Cuando estuvimos a bordo, el capitán se acercó a mí y me dijo: “¿Quién eres y cómo te encontrabas en esa montaña donde nunca vi más que animales salvajes y aves de rapiña, pero no un ser humano, desde que navego por estos parajes?” Conteste: ¡Oh señor mio, soy un pobre mercader extranjero en estas comarcas! Embarqué en un navío enorme que naufragó junto a esta costa; y gracias a mi valor y a mi resistencia, yo sólo entre mis compañeros pude salvarme de perecer ahogado y salvé conmigo mis fardos de mercancías, poniéndolos en una tabla grande que me proporcioné cuando el navío viose a merced de las olas. El Destino y mi suerte me arrojaron a esa orilla, y Alah ha querido que no muera yo de hambre y de sed.” Y esto fue lo que dije al capitán, guardándome mucho de decirle la verdad sobre mi matrimonio y mi enterramiento, no fuera que a bordo hubiese alguien de la ciudad donde reinaba la espantosa costumbre de que estuve a punto de ser víctima.
Al acabar mi discurso al capitán, saqué de uno de mis paquetes un hermoso objeto de precio y se lo ofrecí como presente para que me tuviese consideración durante el viaje. Pero con gran sorpresa por mi parte, dio prueba de un raro desinterés sin querer aceptar mi obsequio, y me dijo con acento benévolo: “No acostumbro a hacerme pagar las buenas acciones. No eres el primero a quien hemos recogido en el mar. A otros náufragos socorrimos, transportándolos a su país, ¡por Alah! y no sólo nos negamos a que nos pagaran, sino que como carecían de todo, les dimos de comer y de beber y les vestimos, y siempre ¡por Alah! hubimos de proporcionarles lo preciso para subvenir a sus gastos de viaje. ¡Porque el hombre se debe a sus semejantes, por Alah!”
Al escuchar tales palabras, di gracias al capitán e hice votos en su favor, deseándole larga vida, en tanto que él ordenaba desplegar las velas y ponía en marcha al navio. Durante días y días navegamos en excelentes condiciones, de isla en isla y de mar en mar, mientras yo me pasaba las horas muertas deliciosamente tendido, pensando en mis extrañas aventuras y preguntándome si en realidad había yo experimentado todos aquellos sinsabores o si no eran un sueño. Y al recordar algunas veces mi estancia en la gruta subterránea con mi esposa muerta, creía volverme loco de espanto.

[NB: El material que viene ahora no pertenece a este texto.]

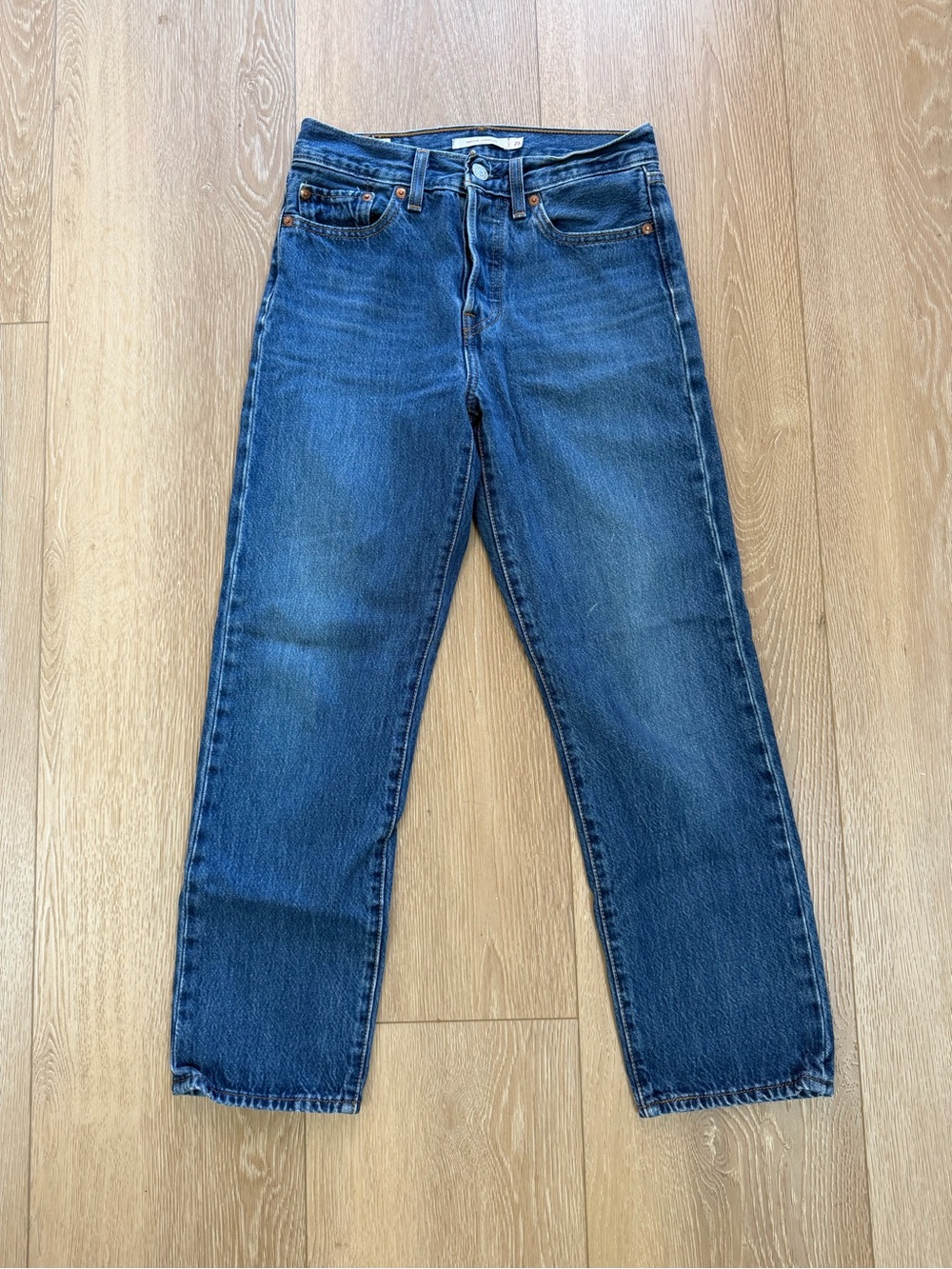 Levi's Women's Dark Blue Cropped Straight Jeans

Pero al fin, por obra y gracia de Alah, llegamos con buena salud a Bassra, donde no nos detuvimos más que algunos días, entrando luego en Bagdad.
Entonces, cargado con riquezas infinitas, tomé el camino de mi calle y de mi casa, adonde entré y encontré a mis parientes y a mis amigos; festejaron mi regreso y se regocijaron en extremo, felicitándome por mi salvación. Yo entonces guardé con cuidado en los armarios mis tesoros, sin olvidarme de distribuir muchas limosnas a los pobres, a las viudas y a los huérfanos, así como valiosas dádivas entre mis amigos y conocimientos. Y desde entonces no cesé de entregarme a todas las diversiones y a todos los placeres en compañía de personas agradables.

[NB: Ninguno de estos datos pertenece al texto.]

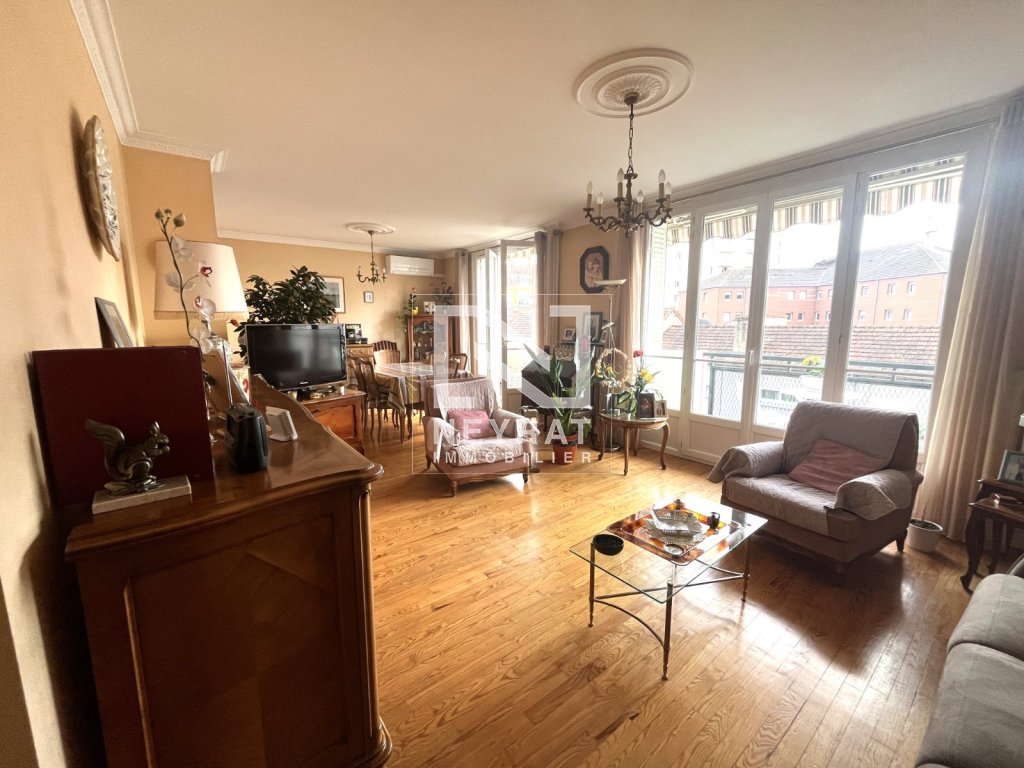 APPARTEMENT T4 A VENDRE - CHALON SUR SAONE - 86 m2 - 218 000 &euro;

¡Pero cuanto os conté hasta aquí no es nada, verdaderamente, en comparación de lo que me reservo para contároslo mañana, si Alah quiere!”
¡Así hablo aquel día Sindbad! Y no dejó de mandar que dieran cien monedas de oro al cargador invitándole a cenar con él, en compañía asimismo de los notables que se hallaban presentes Y todo el mundo maravillóse de aquello.
En cuanto a Sindbad el Cargador...
En este momento de su narración, Schahrazada vio aparecer la mañana, y se calló discretamente.